MATERIAL FOR THIS EXERCISE
┌──
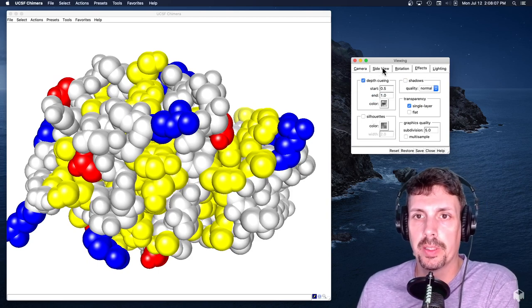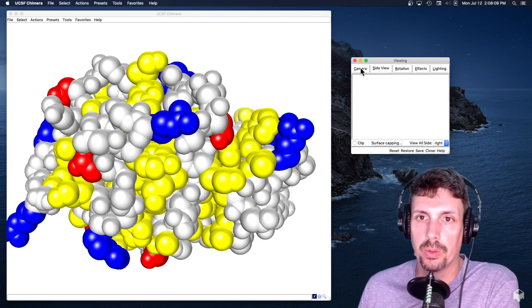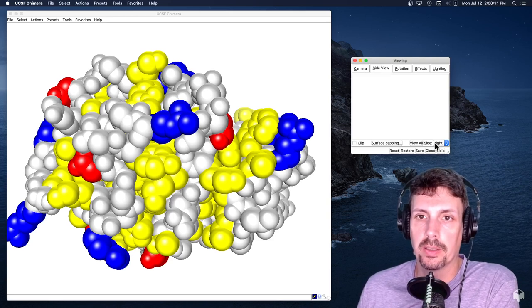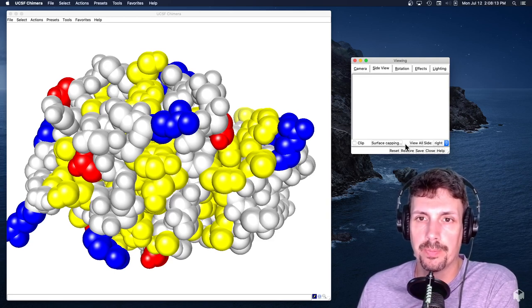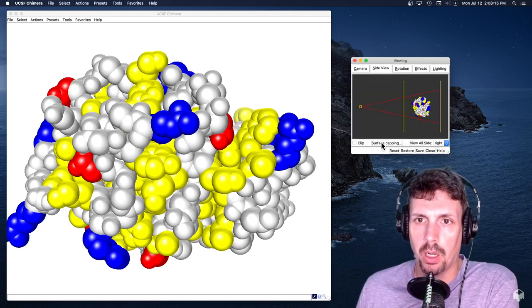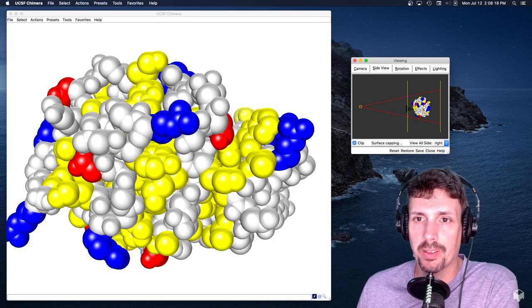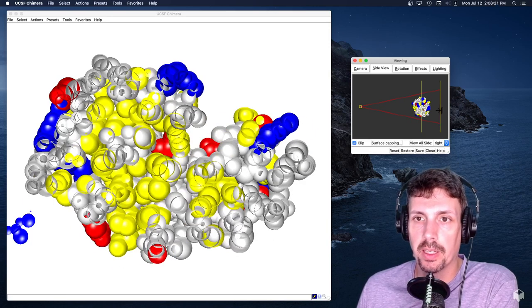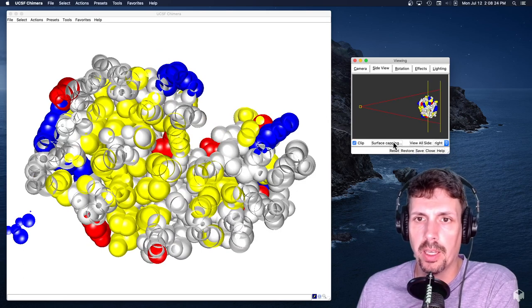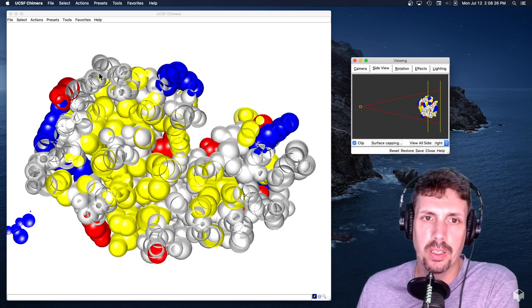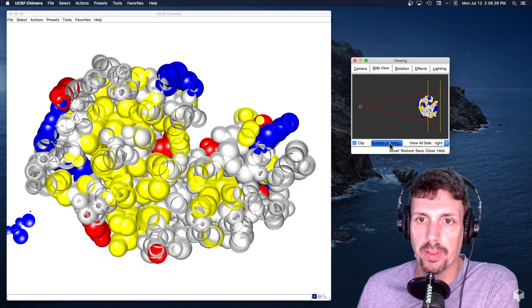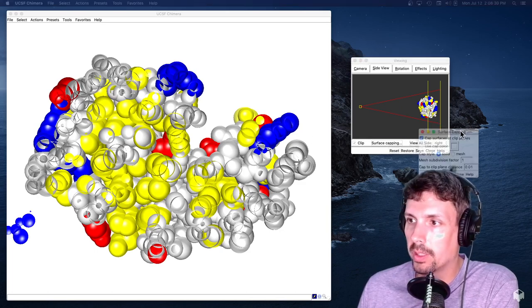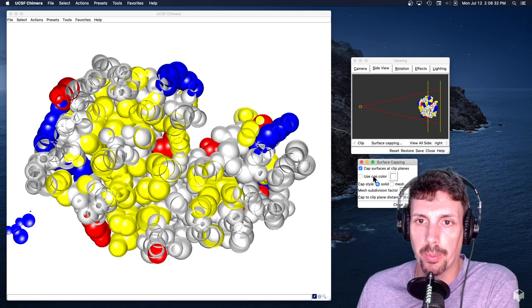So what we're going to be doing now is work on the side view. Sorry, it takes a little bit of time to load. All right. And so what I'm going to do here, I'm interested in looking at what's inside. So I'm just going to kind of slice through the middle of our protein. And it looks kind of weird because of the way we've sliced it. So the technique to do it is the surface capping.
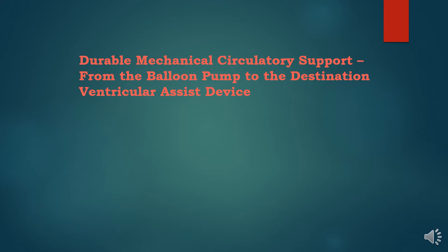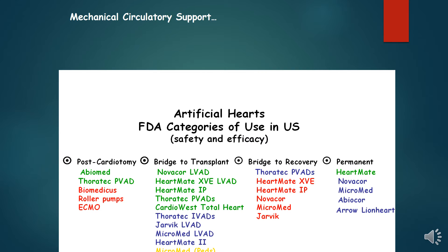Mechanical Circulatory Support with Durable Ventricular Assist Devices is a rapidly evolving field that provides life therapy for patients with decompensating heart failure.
└──
┌──
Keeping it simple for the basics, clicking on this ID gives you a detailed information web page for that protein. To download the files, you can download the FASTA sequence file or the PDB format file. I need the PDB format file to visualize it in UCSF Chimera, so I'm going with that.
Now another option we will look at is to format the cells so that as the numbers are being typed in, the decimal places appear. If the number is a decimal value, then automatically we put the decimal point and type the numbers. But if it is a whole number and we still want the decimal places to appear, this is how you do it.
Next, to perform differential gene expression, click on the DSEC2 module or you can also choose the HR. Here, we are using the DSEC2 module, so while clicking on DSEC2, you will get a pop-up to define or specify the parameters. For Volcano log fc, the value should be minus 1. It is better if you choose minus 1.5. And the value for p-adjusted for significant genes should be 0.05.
└──
THE TASK
Extract the lines of the preceding material that run from the line with "Now another option" through the line with "Next, to perform", inclusive, reproducing them exactly and adding nothing.

YOUR SOLUTION
Now another option we will look at is to format the cells so that as the numbers are being typed in, the decimal places appear. If the number is a decimal value, then automatically we put the decimal point and type the numbers. But if it is a whole number and we still want the decimal places to appear, this is how you do it.
Next, to perform differential gene expression, click on the DSEC2 module or you can also choose the HR. Here, we are using the DSEC2 module, so while clicking on DSEC2, you will get a pop-up to define or specify the parameters. For Volcano log fc, the value should be minus 1. It is better if you choose minus 1.5. And the value for p-adjusted for significant genes should be 0.05.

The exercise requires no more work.